The album opens with the lyrics “I haven’t the foggiest, faintest idea” from the first track ‘Once Upon an Acid Glance‘. It transpires this is simply not the case on Angel Numbers with its variety and breadth of inspiration, and even collaboration. This first song includes every instrument used on the album, such a detail should come as no surprise. The soundscape is spine-tingling and the lyrics are full of imagery. Just listen to those references to Leonard Cohen, Karen Carpenter, David Hockney, Dylan Thomas and Britt Ekland.

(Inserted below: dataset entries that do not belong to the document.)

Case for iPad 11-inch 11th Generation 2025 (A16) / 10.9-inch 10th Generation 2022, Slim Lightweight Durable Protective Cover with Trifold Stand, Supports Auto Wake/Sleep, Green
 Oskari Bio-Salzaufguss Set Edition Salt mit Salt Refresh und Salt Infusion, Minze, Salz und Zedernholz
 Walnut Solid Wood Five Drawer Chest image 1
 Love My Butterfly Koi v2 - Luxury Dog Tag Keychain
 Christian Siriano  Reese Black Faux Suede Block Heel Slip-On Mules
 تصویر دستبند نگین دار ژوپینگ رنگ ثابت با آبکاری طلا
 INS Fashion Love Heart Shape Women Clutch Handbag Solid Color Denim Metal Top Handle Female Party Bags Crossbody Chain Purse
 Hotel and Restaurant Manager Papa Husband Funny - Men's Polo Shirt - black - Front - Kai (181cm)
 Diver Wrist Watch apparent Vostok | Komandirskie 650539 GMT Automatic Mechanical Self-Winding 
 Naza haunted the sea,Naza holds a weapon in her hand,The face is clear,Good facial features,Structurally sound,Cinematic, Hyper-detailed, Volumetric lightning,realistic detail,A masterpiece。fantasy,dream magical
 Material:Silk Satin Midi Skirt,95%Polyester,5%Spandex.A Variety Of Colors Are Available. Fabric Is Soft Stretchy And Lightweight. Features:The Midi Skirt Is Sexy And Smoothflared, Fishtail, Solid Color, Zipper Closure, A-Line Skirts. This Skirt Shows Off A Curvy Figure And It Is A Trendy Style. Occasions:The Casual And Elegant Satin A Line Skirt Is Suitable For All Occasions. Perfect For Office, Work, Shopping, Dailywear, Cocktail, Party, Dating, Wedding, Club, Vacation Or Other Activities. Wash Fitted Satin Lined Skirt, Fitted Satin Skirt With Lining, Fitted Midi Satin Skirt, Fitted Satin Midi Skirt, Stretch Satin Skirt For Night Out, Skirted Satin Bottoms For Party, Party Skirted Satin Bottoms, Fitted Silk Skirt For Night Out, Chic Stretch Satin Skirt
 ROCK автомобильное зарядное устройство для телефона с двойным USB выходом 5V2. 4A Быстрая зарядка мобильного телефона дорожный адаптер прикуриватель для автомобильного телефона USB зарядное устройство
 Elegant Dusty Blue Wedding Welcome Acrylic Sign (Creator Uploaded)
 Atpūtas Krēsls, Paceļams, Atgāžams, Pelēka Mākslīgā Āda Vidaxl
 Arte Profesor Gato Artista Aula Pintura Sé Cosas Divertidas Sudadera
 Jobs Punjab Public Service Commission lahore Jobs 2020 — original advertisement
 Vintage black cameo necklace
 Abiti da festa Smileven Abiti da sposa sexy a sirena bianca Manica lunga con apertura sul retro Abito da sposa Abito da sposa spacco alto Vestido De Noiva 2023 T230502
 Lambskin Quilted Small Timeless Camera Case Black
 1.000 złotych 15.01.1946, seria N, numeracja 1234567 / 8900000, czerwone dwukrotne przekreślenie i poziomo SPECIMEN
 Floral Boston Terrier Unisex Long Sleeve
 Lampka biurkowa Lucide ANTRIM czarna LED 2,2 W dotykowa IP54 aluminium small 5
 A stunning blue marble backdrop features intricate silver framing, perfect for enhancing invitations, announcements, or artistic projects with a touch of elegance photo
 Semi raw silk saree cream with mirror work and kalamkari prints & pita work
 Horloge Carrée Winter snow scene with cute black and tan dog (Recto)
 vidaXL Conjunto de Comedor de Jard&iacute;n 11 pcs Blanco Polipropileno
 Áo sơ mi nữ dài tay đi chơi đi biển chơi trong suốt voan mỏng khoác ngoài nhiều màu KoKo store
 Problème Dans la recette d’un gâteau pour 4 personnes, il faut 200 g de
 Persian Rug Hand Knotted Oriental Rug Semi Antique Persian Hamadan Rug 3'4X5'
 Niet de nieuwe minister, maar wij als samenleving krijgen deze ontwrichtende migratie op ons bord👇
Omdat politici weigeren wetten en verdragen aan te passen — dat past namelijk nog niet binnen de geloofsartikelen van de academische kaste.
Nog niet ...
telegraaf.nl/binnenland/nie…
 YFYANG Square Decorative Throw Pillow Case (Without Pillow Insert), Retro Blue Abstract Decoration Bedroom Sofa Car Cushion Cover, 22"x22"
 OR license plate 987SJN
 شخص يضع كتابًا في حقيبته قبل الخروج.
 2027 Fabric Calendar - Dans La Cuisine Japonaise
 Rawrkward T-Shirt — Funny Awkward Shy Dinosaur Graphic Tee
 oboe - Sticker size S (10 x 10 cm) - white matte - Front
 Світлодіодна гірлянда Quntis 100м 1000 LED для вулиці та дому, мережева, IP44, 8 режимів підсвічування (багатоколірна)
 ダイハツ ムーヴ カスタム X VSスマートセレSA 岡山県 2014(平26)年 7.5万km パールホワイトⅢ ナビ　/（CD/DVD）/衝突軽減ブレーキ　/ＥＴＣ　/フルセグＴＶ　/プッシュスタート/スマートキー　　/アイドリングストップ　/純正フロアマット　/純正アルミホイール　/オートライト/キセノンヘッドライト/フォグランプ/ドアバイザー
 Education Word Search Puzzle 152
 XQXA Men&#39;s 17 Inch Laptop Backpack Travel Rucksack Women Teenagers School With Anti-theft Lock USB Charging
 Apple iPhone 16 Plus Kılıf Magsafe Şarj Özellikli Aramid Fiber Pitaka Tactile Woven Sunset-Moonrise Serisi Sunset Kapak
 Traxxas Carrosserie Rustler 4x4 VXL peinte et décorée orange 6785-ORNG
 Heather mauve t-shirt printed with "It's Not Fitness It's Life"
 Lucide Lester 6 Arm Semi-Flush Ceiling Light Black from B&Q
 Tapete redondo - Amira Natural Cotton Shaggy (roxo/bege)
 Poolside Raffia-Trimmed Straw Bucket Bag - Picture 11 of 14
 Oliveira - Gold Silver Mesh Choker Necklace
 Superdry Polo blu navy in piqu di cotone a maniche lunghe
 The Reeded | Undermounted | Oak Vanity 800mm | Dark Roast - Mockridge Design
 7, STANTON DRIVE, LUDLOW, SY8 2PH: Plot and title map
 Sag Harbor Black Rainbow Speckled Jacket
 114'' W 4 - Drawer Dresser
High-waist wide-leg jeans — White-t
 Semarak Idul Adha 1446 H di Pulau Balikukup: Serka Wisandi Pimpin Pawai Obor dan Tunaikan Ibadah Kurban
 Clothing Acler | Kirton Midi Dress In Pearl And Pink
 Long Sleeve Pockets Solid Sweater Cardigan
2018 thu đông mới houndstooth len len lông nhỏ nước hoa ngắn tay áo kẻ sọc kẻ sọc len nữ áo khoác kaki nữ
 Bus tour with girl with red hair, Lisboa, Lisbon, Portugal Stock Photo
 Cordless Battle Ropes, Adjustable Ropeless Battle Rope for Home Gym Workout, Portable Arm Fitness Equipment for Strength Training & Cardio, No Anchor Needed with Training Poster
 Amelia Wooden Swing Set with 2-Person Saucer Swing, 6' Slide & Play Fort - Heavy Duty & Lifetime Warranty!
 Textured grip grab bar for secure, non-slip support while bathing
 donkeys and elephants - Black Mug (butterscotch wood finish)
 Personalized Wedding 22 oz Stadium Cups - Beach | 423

Previous single ‘Think Of Us Kissing‘ picks up the pace, and that guitar riff is matched by Hamish’s strong crystal clear vocal. “Where’s my big like?” are the first lyrics, possibly referring to social media and our need for validation. Full of passion, the vocal layers beautifully over the instrumentation. The lyrics suggest a struggle to find and follow one’s own path:
The future is a factory
And I foresee it hating me
The brutalist industry I’ve seen
Not my scene

Hamish incorporates a variety of characters on this album and on ‘Elvis Lookalike Shadows’, we are granted a visitation from Presley in his ’68 Comeback Special splendour: “I saw the risen king, sitting in a boxing ring” while ‘Bridget St. John’ is a gentle travelogue creating scenes including from a rooftop in Berlin to a book store in Lansing to Dresden in a big square. The arrangement here is just glorious, with strings adding the texture.

Angel Numbers contains two tracks which are collaborations. ‘Frontman‘ opens with Anna B. Savage‘s stunning vocal, beneath a thick harmonium swirl. It’s a soaring beautiful track, and the combined harmony is breath-taking. ‘Frontman’ is a track to wallow in the soundscape, the slow fadeout gently releasing you from its grasp. On ‘Rest & Veneers’, Hamish trades gently barbed lines with American singer-songwriter Samantha Crain. With the twang of the guitars this track has an alt-country vibe.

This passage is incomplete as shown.